• WHAT YOU ARE ASKED TO DO
Only the lines from the one containing "Аварийни триъгълници" through the last line below belong in your copy; transcribe them exactly and omit any pictures.

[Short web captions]

..............................

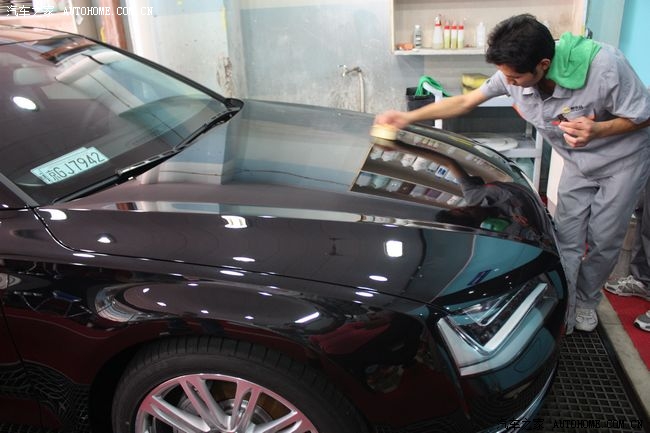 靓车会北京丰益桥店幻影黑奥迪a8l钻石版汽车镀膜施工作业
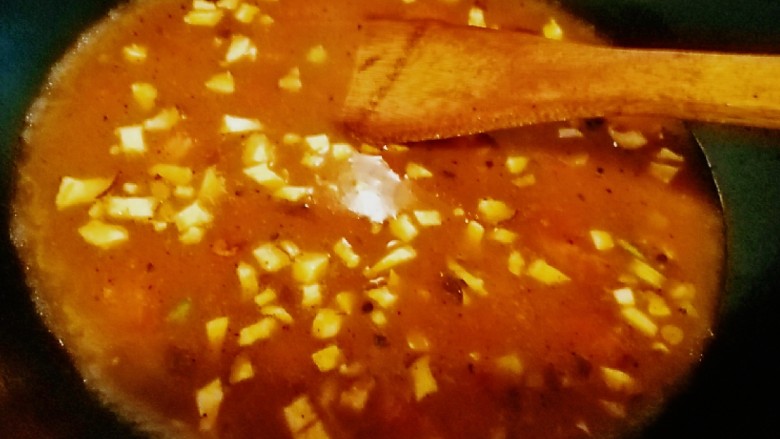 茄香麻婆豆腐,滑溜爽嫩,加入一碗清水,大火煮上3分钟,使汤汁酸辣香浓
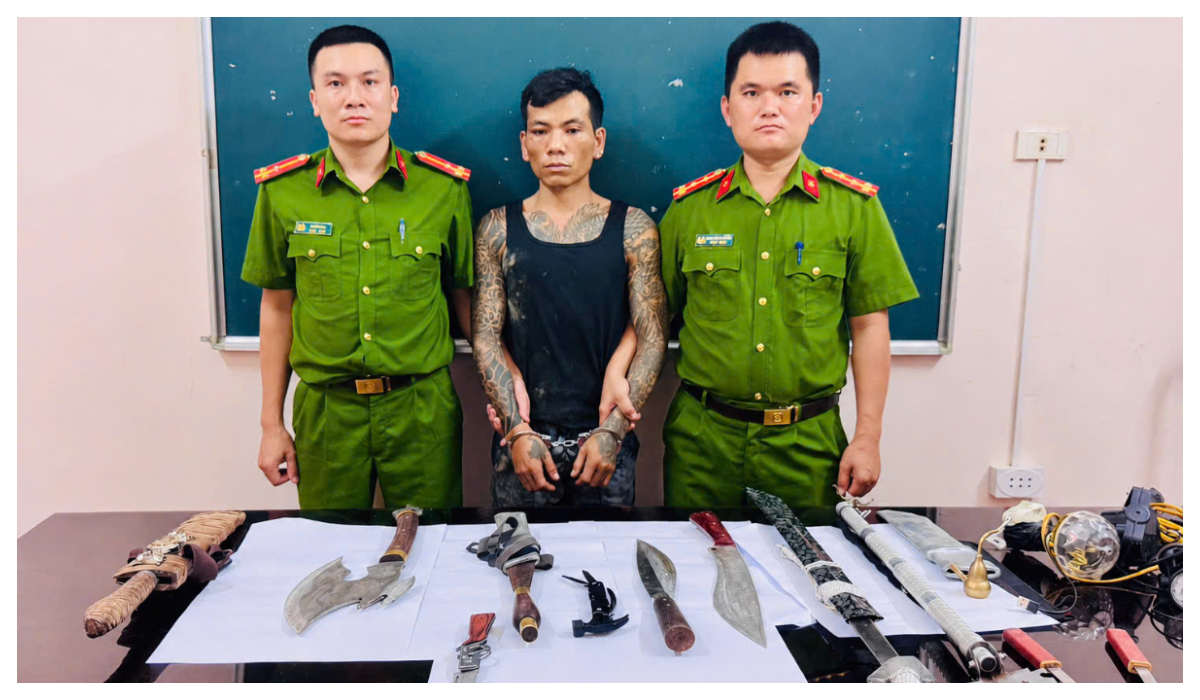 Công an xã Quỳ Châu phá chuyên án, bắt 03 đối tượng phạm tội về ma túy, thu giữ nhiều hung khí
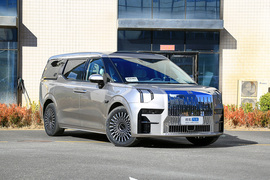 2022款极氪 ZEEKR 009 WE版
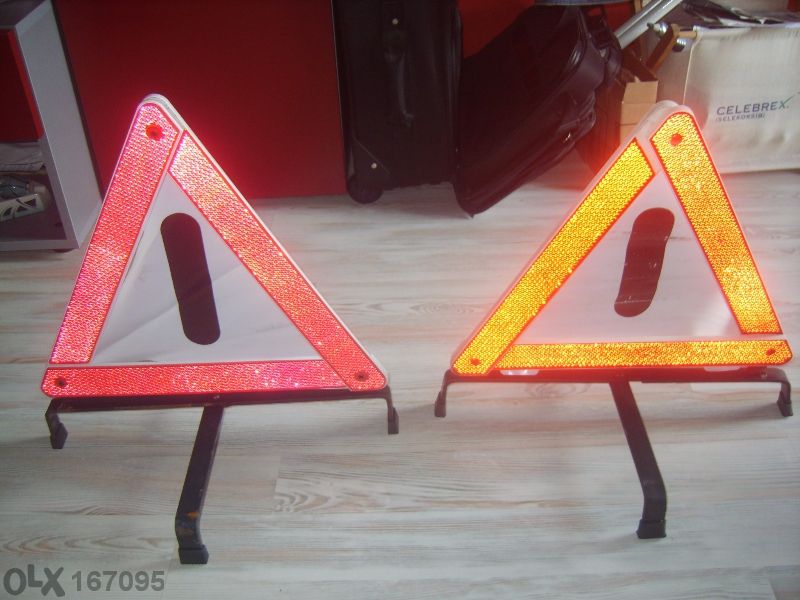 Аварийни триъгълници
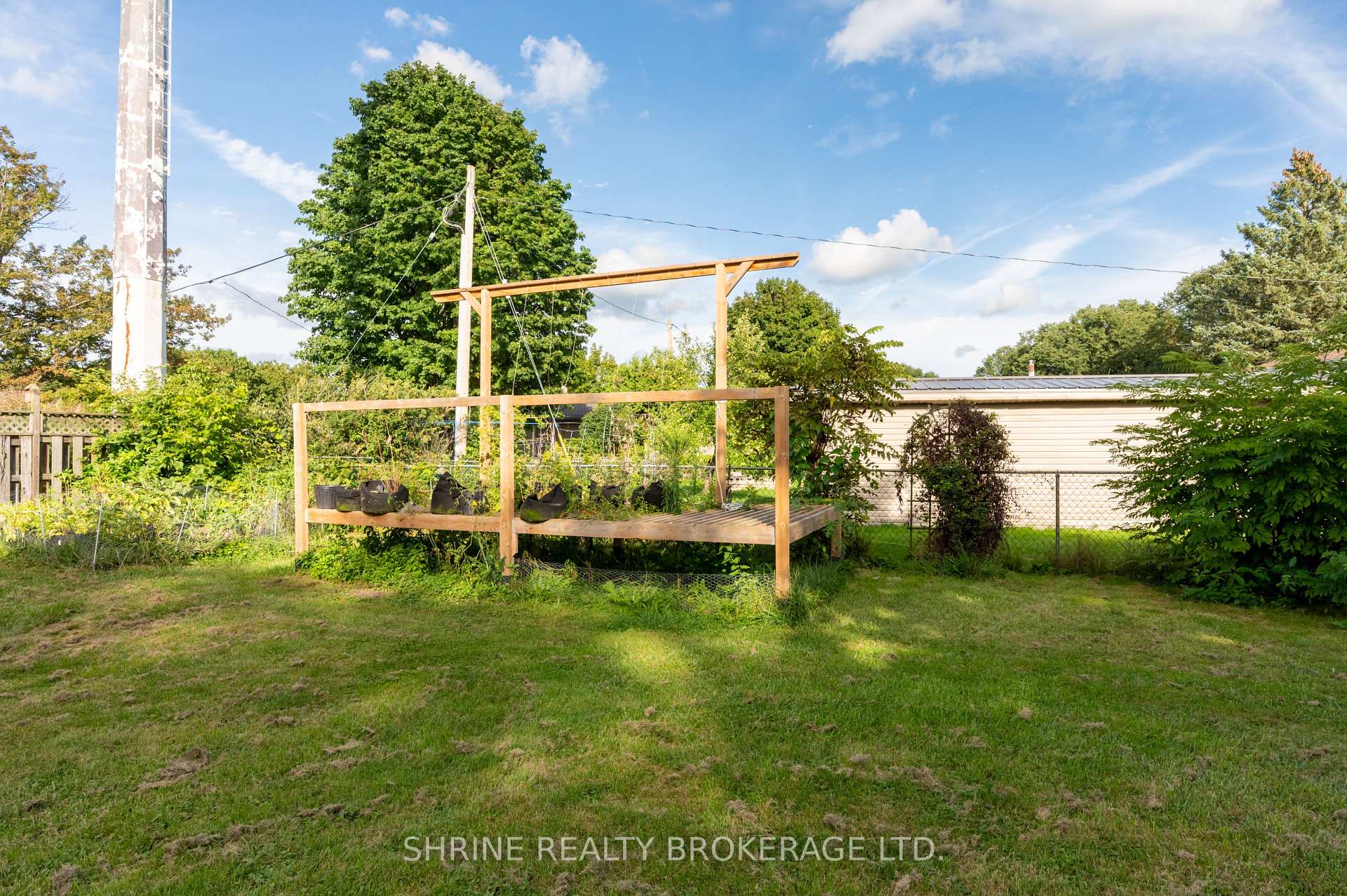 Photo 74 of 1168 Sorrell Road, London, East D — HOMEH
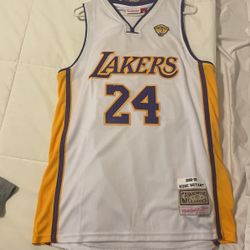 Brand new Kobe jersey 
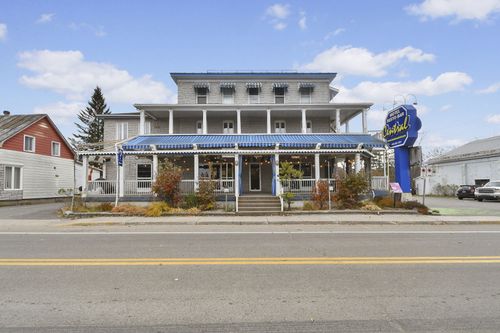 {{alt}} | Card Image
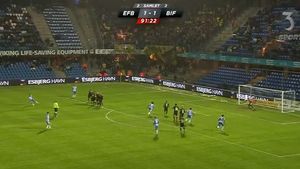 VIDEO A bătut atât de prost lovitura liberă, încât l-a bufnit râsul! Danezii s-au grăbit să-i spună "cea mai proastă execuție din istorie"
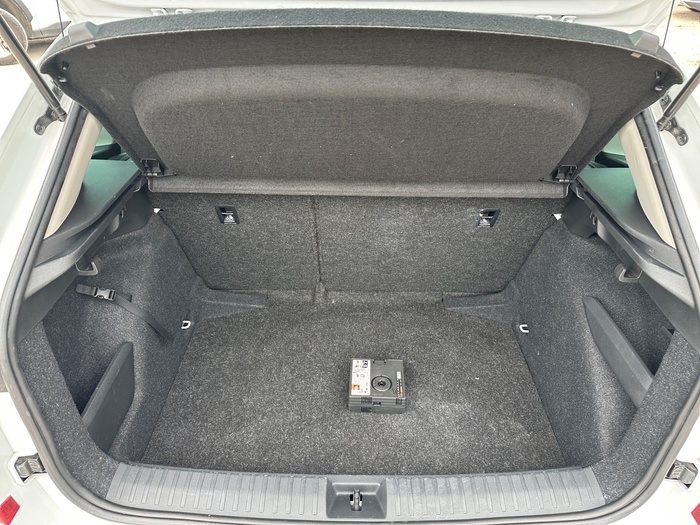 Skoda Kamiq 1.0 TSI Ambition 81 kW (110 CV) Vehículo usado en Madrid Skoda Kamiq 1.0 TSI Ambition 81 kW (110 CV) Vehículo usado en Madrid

..............................

• SOLUTION TO THIS EXERCISE
 Аварийни триъгълници
 Photo 74 of 1168 Sorrell Road, London, East D — HOMEH
 Brand new Kobe jersey 
 {{alt}} | Card Image
 VIDEO A bătut atât de prost lovitura liberă, încât l-a bufnit râsul! Danezii s-au grăbit să-i spună "cea mai proastă execuție din istorie"
 Skoda Kamiq 1.0 TSI Ambition 81 kW (110 CV) Vehículo usado en Madrid Skoda Kamiq 1.0 TSI Ambition 81 kW (110 CV) Vehículo usado en Madrid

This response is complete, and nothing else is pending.